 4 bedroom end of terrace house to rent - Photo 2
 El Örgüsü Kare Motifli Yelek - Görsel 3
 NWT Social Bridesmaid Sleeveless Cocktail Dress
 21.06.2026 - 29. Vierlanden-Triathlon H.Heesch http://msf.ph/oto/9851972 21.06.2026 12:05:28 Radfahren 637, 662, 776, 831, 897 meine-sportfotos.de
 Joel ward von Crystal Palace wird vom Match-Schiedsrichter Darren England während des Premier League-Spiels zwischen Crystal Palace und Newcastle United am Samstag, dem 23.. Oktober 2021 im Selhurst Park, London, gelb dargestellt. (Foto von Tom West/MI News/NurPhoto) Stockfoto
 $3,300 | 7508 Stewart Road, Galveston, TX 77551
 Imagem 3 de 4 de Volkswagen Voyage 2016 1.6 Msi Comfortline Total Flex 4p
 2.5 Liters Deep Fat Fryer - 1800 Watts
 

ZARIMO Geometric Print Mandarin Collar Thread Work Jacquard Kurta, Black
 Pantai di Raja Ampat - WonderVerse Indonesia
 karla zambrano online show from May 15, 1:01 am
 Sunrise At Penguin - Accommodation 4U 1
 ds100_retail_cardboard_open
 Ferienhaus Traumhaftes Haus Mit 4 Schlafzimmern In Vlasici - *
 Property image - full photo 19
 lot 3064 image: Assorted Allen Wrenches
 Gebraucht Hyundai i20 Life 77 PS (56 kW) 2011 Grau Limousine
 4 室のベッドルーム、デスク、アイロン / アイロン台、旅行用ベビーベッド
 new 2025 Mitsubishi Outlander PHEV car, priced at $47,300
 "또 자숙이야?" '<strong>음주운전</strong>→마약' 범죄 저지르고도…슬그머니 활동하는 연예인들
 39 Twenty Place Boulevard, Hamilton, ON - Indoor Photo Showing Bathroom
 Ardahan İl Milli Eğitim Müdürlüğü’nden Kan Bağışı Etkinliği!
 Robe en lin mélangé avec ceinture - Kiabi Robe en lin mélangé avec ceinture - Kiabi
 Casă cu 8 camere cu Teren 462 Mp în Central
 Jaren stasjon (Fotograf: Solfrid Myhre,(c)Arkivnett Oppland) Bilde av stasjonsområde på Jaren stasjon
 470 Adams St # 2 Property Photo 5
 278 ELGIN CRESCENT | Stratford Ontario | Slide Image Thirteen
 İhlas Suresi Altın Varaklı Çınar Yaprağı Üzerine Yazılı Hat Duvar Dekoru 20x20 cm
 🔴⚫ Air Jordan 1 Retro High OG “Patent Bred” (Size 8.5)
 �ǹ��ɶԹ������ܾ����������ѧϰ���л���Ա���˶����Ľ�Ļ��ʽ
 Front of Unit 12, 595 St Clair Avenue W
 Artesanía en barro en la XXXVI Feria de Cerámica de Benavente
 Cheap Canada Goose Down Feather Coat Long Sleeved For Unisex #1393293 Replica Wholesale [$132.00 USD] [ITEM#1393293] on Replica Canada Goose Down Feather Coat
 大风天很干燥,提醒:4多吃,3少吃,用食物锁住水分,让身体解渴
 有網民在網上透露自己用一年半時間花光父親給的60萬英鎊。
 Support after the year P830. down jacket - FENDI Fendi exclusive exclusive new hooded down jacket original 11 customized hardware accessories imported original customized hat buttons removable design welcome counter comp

Problem to work on:
Reproduce the records above exactly, character for character.

Exercise solution:
 4 bedroom end of terrace house to rent - Photo 2
 El Örgüsü Kare Motifli Yelek - Görsel 3
 NWT Social Bridesmaid Sleeveless Cocktail Dress
 21.06.2026 - 29. Vierlanden-Triathlon H.Heesch http://msf.ph/oto/9851972 21.06.2026 12:05:28 Radfahren 637, 662, 776, 831, 897 meine-sportfotos.de
 Joel ward von Crystal Palace wird vom Match-Schiedsrichter Darren England während des Premier League-Spiels zwischen Crystal Palace und Newcastle United am Samstag, dem 23.. Oktober 2021 im Selhurst Park, London, gelb dargestellt. (Foto von Tom West/MI News/NurPhoto) Stockfoto
 $3,300 | 7508 Stewart Road, Galveston, TX 77551
 Imagem 3 de 4 de Volkswagen Voyage 2016 1.6 Msi Comfortline Total Flex 4p
 2.5 Liters Deep Fat Fryer - 1800 Watts
 

ZARIMO Geometric Print Mandarin Collar Thread Work Jacquard Kurta, Black
 Pantai di Raja Ampat - WonderVerse Indonesia
 karla zambrano online show from May 15, 1:01 am
 Sunrise At Penguin - Accommodation 4U 1
 ds100_retail_cardboard_open
 Ferienhaus Traumhaftes Haus Mit 4 Schlafzimmern In Vlasici - *
 Property image - full photo 19
 lot 3064 image: Assorted Allen Wrenches
 Gebraucht Hyundai i20 Life 77 PS (56 kW) 2011 Grau Limousine
 4 室のベッドルーム、デスク、アイロン / アイロン台、旅行用ベビーベッド
 new 2025 Mitsubishi Outlander PHEV car, priced at $47,300
 "또 자숙이야?" '<strong>음주운전</strong>→마약' 범죄 저지르고도…슬그머니 활동하는 연예인들
 39 Twenty Place Boulevard, Hamilton, ON - Indoor Photo Showing Bathroom
 Ardahan İl Milli Eğitim Müdürlüğü’nden Kan Bağışı Etkinliği!
 Robe en lin mélangé avec ceinture - Kiabi Robe en lin mélangé avec ceinture - Kiabi
 Casă cu 8 camere cu Teren 462 Mp în Central
 Jaren stasjon (Fotograf: Solfrid Myhre,(c)Arkivnett Oppland) Bilde av stasjonsområde på Jaren stasjon
 470 Adams St # 2 Property Photo 5
 278 ELGIN CRESCENT | Stratford Ontario | Slide Image Thirteen
 İhlas Suresi Altın Varaklı Çınar Yaprağı Üzerine Yazılı Hat Duvar Dekoru 20x20 cm
 🔴⚫ Air Jordan 1 Retro High OG “Patent Bred” (Size 8.5)
 �ǹ��ɶԹ������ܾ����������ѧϰ���л���Ա���˶����Ľ�Ļ��ʽ
 Front of Unit 12, 595 St Clair Avenue W
 Artesanía en barro en la XXXVI Feria de Cerámica de Benavente
 Cheap Canada Goose Down Feather Coat Long Sleeved For Unisex #1393293 Replica Wholesale [$132.00 USD] [ITEM#1393293] on Replica Canada Goose Down Feather Coat
 大风天很干燥,提醒:4多吃,3少吃,用食物锁住水分,让身体解渴
 有網民在網上透露自己用一年半時間花光父親給的60萬英鎊。
 Support after the year P830. down jacket - FENDI Fendi exclusive exclusive new hooded down jacket original 11 customized hardware accessories imported original customized hat buttons removable design welcome counter comp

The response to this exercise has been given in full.